I don’t mean hungry for creator marketing knowledge, though that would be cool too, I guess. More that I’m simply a bit peckish. I could go for a snack. And one of the blessings and curses of working in creator marketing, a field that exposes me on a daily basis to the best of social media, is that I have a whole world of food and beverage content to choose from.

By ‘choose from,’ I mean ‘fantasize about.’ Sadly, I can’t just reach through the screen and grab all the tantalizing goodies parading before me. But CreatorIQ’s engineering team assure me that they’re working on it.

While I’m not exactly lacking culinary options here in New York City, there are still plenty of cuisines, dishes, and brands to which I’ve been woefully underexposed. Today, I’m profiling a globally beloved food and beverage company with a less pronounced presence in the United States—though given how social media operates, it might be only a matter of time before things change. After all, there’s a reason they call it a ‘feed.’

So grab a meal and the social media platform of your choice, and tuck in with me as we explore…

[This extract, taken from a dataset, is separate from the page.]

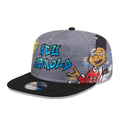 Hey Arnold Graffiti Grey 9FIFTY A-Frame Snapback Adjustable Cap-kentox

The Top Brand of All Time (of the Week): Maggi

A Swiss brand operating under the banner of Nestlé, Maggi is known for its mysterious and delicious seasonings, including a literal secret sauce, instant noodles, packaged meals, and so much more.

Not that we in the United States would know, of course: Maggi is titanically popular across Southeast Asia, Latin America, and Africa, but remains a bit less of a go-to here. Well, fear not, Maggi: you’re about to receive the HBBIP Bump. By the time this newsletter is over, bouillon cubes will be the official snack of summer.

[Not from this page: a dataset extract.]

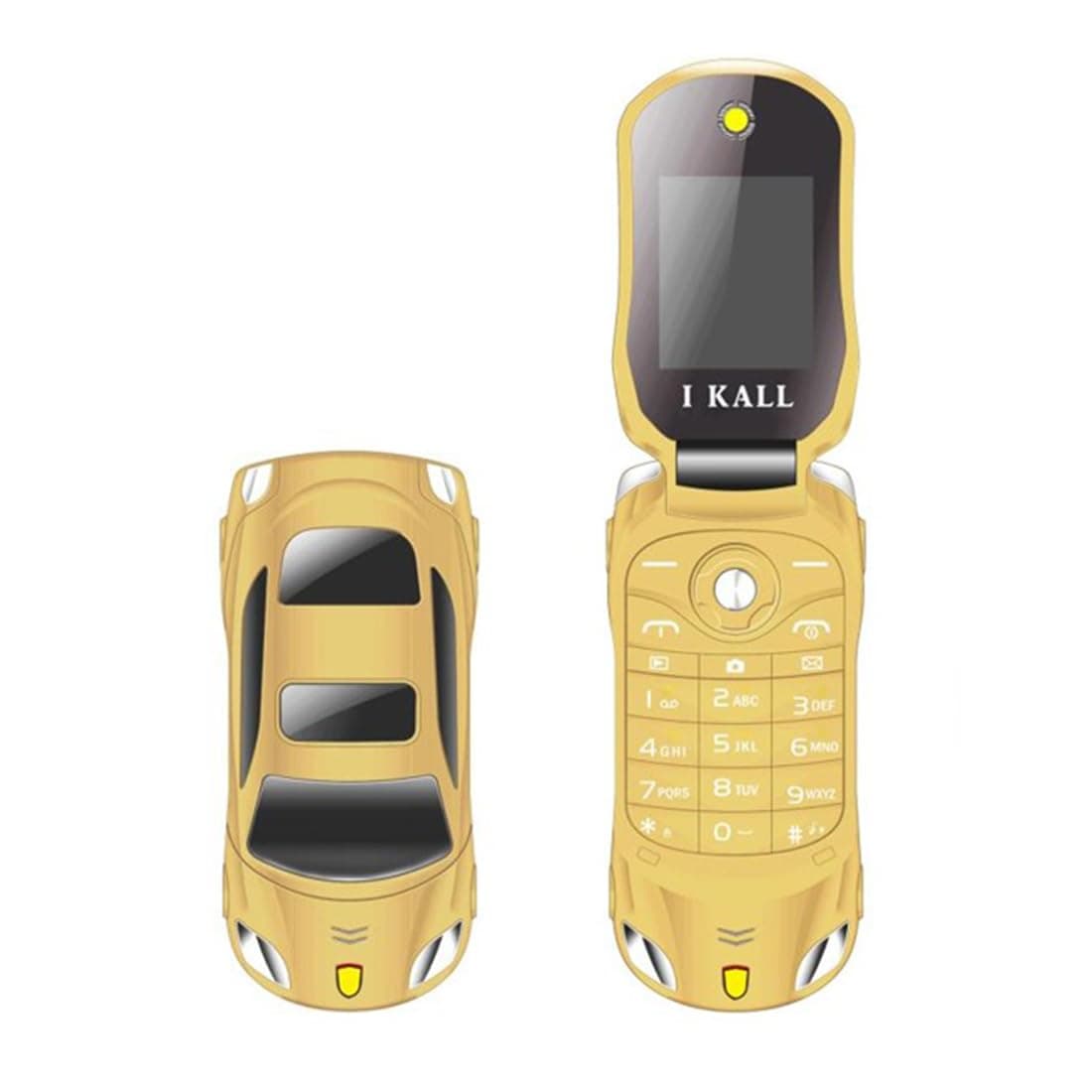 IKALL K75 Car Mobile Phone Gold 32MB RAM 32MB Storage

How Is Maggi Performing on Social Media?


Maggi Creator Count (Global) 2020 - 2025

Maggi Creator Count, 2020 - 2025

It’s not quite Anua’s growth story, but Maggi’s creator count expansion remains extremely impressive. From 2020 to 2025, Maggi surged from 228 creators to 4.7k creators, a 20.5x increase. After a slight decline in 2021, Maggi experienced a major breakout in 2022, when its creator community more than quadrupled. Growth continued steadily through 2023, then accelerated again in 2024 and 2025.

Maggi Post Count (Global) 2020 - 2025

Maggi Post Count, 2020 - 2025

Stop me if you’ve seen this graph before. While post count’s trajectory diverged slightly from creator count’s—Maggi’s content volume improved from 2020 to 2021, a notable feat given the brand’s creator count contraction, and a sign of Maggi’s future success—the outcome was nearly identical: annual content volume surged from 621 posts in 2020 to 12.6k posts in 2025, a 20.3x increase perfectly in pace with Maggi’s 20.5x improvement in creator count.

Usually we see a bit more divergence in these numbers, so I’m actually not 100% sure what this alignment means. Maybe nothing! Oh, the joys of data.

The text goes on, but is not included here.